Depuis cette époque, dire que les Bears dominent le rugby NCAA est un euphémisme. A partir de 1980 première année où un champion national est désigné, ils ont gagné 76% des titres, 26 en 34 saisons (sans compter deux finales)! Sept des 30 joueurs représentant les Etats Unis à la dernière Coupe du Monde en 2011 ont joué sous la maillot des Cal Bears. Il aura fallu en fait attendre 2006 pour qu’ils commencent à avoir une vrai concurrence au sommet de leur sport.

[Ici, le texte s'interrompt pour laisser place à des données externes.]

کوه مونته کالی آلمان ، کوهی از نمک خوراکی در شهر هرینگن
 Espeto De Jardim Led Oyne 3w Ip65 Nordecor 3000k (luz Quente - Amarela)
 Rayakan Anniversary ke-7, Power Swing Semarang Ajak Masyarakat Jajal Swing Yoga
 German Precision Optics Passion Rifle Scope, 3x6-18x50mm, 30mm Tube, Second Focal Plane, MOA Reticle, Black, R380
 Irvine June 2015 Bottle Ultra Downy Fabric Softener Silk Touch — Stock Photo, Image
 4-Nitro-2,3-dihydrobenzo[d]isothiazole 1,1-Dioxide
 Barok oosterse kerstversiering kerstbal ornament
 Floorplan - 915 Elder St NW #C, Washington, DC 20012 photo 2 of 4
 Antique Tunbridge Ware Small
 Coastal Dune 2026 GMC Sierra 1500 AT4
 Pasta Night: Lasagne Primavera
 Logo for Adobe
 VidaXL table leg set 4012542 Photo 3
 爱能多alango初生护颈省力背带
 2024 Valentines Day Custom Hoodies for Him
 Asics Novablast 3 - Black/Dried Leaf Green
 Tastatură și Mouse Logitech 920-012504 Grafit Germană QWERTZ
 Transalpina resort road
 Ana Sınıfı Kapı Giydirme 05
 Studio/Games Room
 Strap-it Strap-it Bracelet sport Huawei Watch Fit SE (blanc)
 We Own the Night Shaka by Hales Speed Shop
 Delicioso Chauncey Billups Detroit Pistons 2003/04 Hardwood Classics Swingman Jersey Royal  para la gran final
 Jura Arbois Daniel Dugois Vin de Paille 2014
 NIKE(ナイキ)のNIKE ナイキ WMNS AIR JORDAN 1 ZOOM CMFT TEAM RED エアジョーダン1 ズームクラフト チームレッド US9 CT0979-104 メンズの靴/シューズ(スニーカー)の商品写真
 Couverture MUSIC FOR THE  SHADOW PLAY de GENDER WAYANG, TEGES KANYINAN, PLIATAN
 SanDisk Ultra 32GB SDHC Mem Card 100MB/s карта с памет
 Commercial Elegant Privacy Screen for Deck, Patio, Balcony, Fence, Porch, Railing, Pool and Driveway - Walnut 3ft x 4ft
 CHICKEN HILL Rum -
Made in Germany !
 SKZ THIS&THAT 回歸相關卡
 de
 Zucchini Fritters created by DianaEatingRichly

C’est l’année de l’arrivée en finale pour la première fois des Cougars de BYU qui ont depuis affronté les Bears dans 8 des 9 finales ayant eu lieu, gagnant au passage trois titres dont les deux derniers.
En plus de la finale NCAA (manquée seulement 6 fois en 34 ans) l’autre grand rendez-vous de la saison des Bears est leur match annuel, surnommé la « World Cup »,contre les Canadiens de l’Université de Colombie Britannique.
La saison dernière (le rugby NCAA se joue de février à juin) est assez symbolique de ce qu’est une année pour les « Rugby Bears ». Privés pour la première fois en 9 ans de finale l’année précédente, ils avaient la pression pour rebondir d’une « piteuse » saison à 20 victoires pour deux défaites ! Ils commencent donc par gagner le derby contre Stanford 176 à 0 avant d’enchainer par un 104- 0 contre Arizona State ! Ils se vengent ensuite de Cal Poly qui avait eu l’audace de les battre en 2012 en les atomisant 112 à 7. La « World Cup » est gagnée de 10 points, ils doivent un peu cravacher en fin de saison régulière pour battre Utah et St Mary’s et arrivent en finale contre BYU invaincus. Menés 16-3 ils remontent à 24 partout avant d’être crucifiés (quoi qu’avec des Mormons le terme est peut être mal placé !) par un drop à la dernière seconde du match.
Depuis les années 80, l’équipe est menée de main de maitre par Jack Clark qui a accumulé une fiche en 30 saisons de 558 victoires, 70 défaites et 5 nuls qui ferait presque passer Guy Noves pour un médiocre coach ! Cet ancien O-Line de 57 ans n’a pourtant découvert le rugby que sur le tard. Californien du Sud, footballeur et basketteur au lycée, il débarque à Berkeley en 1976 avec une bourse pour jouer au foot. Après sa première saison de NCAA Football il enchaine avec une dizaine d’autres membres de l’équipe sur la saison de rugby (ce qui est impossible aujourd’hui dans un monde du foot NCAA où les joueurs sont pris 12 mois sur 12 par leur activité football), un sport qu’il n‘avait jamais pratiqué jusque-là, il est immédiatement séduit et enchainera les double-saisons pendant trois ans. En 1978 il fait un essai avec les Eagles de Philadelphie avant de devenir un autre Eagle, comme membre de l’équipe nationale de rugby. Il est alors le meilleur joueur du pays et à ce titre est le seul américain sélectionné dans l’équipe « Reste du Monde » qui affronte le Pays de Galles en 1980.
Il pense alors devenir pro (même si à l’époque le rugby est encore officiellement et bien hypocritement « amateur ») et partir jouer en Europe ou dans l’Hémisphère Sud. Mais sa carrière est brisée quand il prend 4 balles de 9 mm (deux dans la jambes, une dans le genou, une dans la main) dans une bagarre devant un restaurant de San Francisco. Il échappe de peu à une amputation. Il se tourne alors vers le coaching et prend en main les Bears en 84. Depuis il a gagné 22 titres et est devenu la référence absolue dans le coaching du rugby aux Etats Unis.